The Franklin Lakes Public Schools are a community public school district serving students in pre-kindergarten through eighth grade from Franklin Lakes, in Bergen County, in the U.S. state of New Jersey.

As of the 2023–24 school year, the district, comprised of four schools, had an enrollment of 1,200 students and 144.1 classroom teachers (on an FTE basis), for a student–teacher ratio of 8.3:1.

Students in public school for ninth through twelfth grades attend the schools of the Ramapo Indian Hills Regional High School District, a regional district consisting of two four-year public high schools serving students from Franklin Lakes, Oakland and Wyckoff. Before enrolling, students have the option to choose to attend either of the district's high schools. Schools in the high school district (with 2023–24 enrollment data from the National Center for Education Statistics) are
Indian Hills High School, located in Oakland (694 students) and
Ramapo High School, located in Franklin Lakes (1,188 students).

==History==
Prior to the formation of the regional high school district, students from Franklin Lakes had attended Ramsey High School as part of a sending/receiving relationship, until the Ramsey Public School District informed officials from both Franklin Lakes and Wyckoff that the Ramsey school would no longer have space to accommodate out-of-district students after the 1956–57 school year; Oakland, which had sent its students to Pompton Lakes High School, joined Franklin Lakes and Wyckoff in considering a regional school district. The creation of a regional high school was approved in 1954 by all three communities by a margin of 1,060 to 51.

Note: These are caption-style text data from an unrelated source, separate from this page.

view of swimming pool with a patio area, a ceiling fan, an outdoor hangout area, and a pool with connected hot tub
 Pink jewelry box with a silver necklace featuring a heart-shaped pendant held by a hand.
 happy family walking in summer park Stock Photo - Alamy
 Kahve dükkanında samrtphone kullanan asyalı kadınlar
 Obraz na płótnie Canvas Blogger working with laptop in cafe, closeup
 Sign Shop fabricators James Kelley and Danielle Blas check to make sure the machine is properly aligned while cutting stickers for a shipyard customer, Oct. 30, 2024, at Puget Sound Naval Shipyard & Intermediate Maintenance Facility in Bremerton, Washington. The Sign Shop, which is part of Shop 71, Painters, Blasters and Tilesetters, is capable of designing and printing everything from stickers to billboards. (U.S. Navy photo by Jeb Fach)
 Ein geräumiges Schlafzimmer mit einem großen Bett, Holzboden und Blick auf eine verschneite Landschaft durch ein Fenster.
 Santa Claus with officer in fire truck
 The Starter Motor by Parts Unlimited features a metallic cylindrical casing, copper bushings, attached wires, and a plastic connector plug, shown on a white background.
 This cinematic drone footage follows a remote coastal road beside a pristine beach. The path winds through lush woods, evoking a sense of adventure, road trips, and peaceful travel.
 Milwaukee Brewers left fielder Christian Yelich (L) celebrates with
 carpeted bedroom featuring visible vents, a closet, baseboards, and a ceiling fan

The district had been classified by the New Jersey Department of Education as being in District Factor Group "I", the second-highest of eight groupings. District Factor Groups organize districts statewide to allow comparison by common socioeconomic characteristics of the local districts. From lowest socioeconomic status to highest, the categories are A, B, CD, DE, FG, GH, I and J.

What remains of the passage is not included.